▶ Task requirements
Below is a listing; reproduce exactly its lines from the one containing "Remember And Honor" to its last line, both ends kept, and no other lines.

▶ Data listing
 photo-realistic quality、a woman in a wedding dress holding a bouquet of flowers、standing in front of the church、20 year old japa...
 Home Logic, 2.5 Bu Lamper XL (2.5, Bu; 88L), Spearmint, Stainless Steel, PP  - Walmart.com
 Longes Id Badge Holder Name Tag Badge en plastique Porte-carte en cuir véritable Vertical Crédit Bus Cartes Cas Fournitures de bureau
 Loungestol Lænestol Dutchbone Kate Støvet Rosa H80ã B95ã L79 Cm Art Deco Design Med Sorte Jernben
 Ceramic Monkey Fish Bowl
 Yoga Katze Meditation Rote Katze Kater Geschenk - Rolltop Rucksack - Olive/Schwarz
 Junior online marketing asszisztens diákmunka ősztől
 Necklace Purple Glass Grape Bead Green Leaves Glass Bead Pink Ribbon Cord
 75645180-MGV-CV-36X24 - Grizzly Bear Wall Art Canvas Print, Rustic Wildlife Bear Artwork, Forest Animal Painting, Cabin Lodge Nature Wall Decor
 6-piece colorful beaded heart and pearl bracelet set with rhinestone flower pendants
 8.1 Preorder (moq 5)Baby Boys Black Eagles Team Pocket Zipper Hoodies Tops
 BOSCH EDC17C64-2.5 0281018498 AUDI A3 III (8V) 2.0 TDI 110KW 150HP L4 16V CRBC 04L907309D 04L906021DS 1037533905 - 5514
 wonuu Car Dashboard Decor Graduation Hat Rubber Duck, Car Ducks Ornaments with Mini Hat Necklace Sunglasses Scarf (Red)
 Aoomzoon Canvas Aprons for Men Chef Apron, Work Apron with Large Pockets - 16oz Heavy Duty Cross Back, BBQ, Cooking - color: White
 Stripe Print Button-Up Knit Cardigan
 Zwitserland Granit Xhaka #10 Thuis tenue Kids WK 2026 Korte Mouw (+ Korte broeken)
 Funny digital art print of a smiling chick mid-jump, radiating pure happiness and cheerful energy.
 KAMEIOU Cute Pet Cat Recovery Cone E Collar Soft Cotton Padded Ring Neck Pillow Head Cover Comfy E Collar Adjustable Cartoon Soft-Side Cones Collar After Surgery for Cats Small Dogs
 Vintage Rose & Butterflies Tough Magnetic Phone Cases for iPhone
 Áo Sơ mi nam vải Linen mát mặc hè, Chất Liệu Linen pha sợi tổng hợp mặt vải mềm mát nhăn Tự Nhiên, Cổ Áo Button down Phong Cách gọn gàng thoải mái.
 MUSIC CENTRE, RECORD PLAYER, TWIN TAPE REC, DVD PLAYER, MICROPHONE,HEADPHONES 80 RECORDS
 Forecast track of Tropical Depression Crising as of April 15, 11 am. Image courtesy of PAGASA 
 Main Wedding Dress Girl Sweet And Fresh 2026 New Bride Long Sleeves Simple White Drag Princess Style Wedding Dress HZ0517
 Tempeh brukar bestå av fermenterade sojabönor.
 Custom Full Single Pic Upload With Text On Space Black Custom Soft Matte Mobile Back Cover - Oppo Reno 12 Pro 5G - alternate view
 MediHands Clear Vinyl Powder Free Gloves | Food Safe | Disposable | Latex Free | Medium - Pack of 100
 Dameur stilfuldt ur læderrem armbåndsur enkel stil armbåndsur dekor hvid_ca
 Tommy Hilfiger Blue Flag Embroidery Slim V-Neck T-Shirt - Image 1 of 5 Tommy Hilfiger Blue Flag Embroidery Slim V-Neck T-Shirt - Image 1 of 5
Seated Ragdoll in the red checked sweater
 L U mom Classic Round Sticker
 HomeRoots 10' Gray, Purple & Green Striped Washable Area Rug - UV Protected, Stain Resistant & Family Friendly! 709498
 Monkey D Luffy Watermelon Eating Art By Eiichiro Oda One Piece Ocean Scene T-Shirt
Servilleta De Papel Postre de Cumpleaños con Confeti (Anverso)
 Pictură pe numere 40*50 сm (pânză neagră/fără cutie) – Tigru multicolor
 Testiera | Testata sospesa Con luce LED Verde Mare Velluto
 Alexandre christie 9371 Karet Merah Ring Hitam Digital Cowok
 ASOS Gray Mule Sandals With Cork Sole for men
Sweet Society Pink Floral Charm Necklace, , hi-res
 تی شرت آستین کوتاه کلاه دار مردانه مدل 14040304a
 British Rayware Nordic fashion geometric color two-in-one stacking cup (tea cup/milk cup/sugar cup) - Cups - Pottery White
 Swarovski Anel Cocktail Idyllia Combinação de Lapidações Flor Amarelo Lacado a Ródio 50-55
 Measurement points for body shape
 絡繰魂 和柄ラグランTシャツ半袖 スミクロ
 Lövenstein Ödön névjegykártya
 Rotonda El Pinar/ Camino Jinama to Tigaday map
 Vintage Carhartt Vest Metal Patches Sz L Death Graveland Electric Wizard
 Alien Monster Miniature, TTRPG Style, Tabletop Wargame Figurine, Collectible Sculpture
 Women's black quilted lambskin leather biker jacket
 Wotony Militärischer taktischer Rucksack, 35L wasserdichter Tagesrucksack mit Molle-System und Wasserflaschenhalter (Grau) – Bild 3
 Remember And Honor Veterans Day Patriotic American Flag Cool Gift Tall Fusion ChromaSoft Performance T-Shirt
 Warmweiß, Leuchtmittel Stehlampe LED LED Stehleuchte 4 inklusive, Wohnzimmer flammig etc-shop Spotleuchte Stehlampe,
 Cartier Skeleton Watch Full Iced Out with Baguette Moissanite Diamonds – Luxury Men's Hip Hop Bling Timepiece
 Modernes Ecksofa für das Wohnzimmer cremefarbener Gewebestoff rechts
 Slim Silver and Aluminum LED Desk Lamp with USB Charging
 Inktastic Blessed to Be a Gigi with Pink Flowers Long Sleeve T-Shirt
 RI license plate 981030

▶ Solution for this exercise
 Remember And Honor Veterans Day Patriotic American Flag Cool Gift Tall Fusion ChromaSoft Performance T-Shirt
 Warmweiß, Leuchtmittel Stehlampe LED LED Stehleuchte 4 inklusive, Wohnzimmer flammig etc-shop Spotleuchte Stehlampe,
 Cartier Skeleton Watch Full Iced Out with Baguette Moissanite Diamonds – Luxury Men's Hip Hop Bling Timepiece
 Modernes Ecksofa für das Wohnzimmer cremefarbener Gewebestoff rechts
 Slim Silver and Aluminum LED Desk Lamp with USB Charging
 Inktastic Blessed to Be a Gigi with Pink Flowers Long Sleeve T-Shirt
 RI license plate 981030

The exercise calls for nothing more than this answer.